Task objective – Only the stretch below from the line holding "极悦娱乐登录拒绝访问怎么办理：**标题：南通精锐体育" through the line holding "Profile image of 義眼くん" should be restated, word for word and with both ends included; pictures stay out.

Record set –
==============================
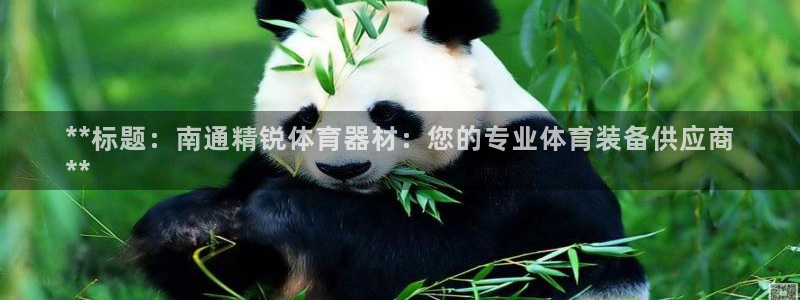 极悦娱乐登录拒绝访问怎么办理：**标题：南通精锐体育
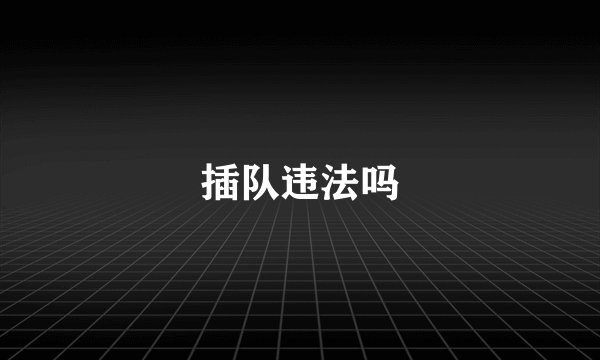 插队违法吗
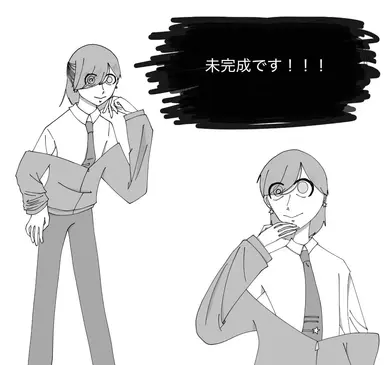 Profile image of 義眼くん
==============================
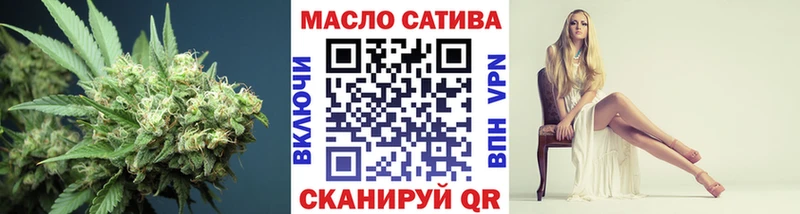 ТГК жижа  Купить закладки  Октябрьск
==============================
Exercise result –
 极悦娱乐登录拒绝访问怎么办理：**标题：南通精锐体育
 插队违法吗
 Profile image of 義眼くん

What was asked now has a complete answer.